When installing and uninstalling the crontabs, you will be presented a list of users to choose from. Those are users of the ESXi host. So you need to add a user to your system before being able to install his crontab. You will also need to assign appropriate privileges, so that the user has enough permissions to perform the backups. This is equivalent to creating a user and assigning full permissions.

It is highly recommended that, unless you are ready to go through the backup user creation and permissions asigment, you stick to using root as the backup user.

Choose cron user

Key Exchange

 Please note that this post is relative to old deprecated software ©XSIBackup-Classic. Some facts herein contained may still be applicable to more recent versions though.

For new instalations please use new ©XSIBackup which is far more advanced than ©XSIBackup-Classic.

Linking to another host means adding the current host's public key to the authorized_keys file in the second host. This allows to login from host A to B without being prompted for a password. You need to Link to other hosts before you can execute any crossed backup jobs by means of the --host argument, or when you simply want to backup to it via IP instead of to a local datastore.

XSIBackup Key Exchange

XSIBackup Menu offers two options in regards to linked hosts:
- List servers linked to the current host, which presents a list of public keys present in the local server's authorized_keys file. This shows which ESXi servers (they could also be other kind of OSs) are allowed to SSH into this server by using an RSA key.

- Add this host's XSIBackup RSA public key to the authorized_keys file of some other host (it could be other type of OS too).
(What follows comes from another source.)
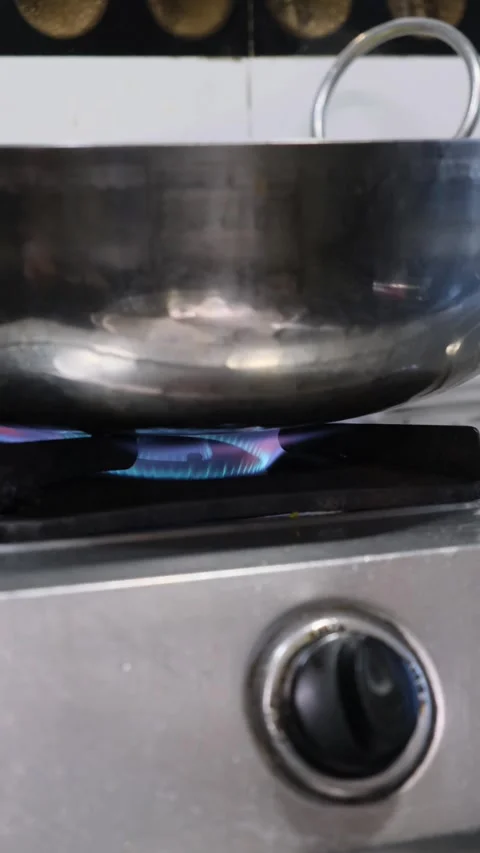 Close up of blue gas flame burning on kitchen stove under steel cooking pan 스톡 동영상 331898834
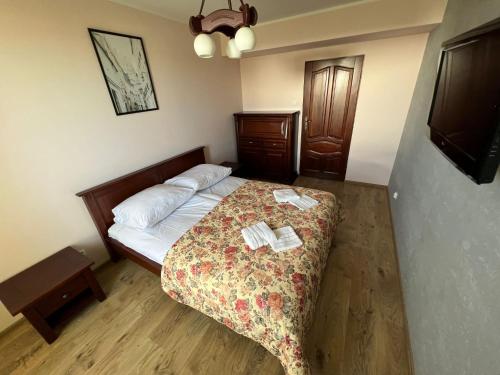 a small bedroom with a bed with a floral bedspread at Cozy apartment close to Gdansk & Airport in Gdańsk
There are some things to clear up in regards to Linking:

XSIBackup uses its own key pair, which has nothing to do with the host's key pair, which BTW is not persistent in ESXI (as so many other things). So it's XSIBackup's public RSA key that is added to the remote server's authorized_keys file.

XSIBackup is able to use this menu option to detect SSH folders and add keys on *NIX servers based on systemd and init.d service managers, but it will not work out of the box with any OS you can think of. So, in case you get some error and you can't use the menu, just grab the xsibackup_id_rsa.pub key and add it to the remote server's authorized_keys file.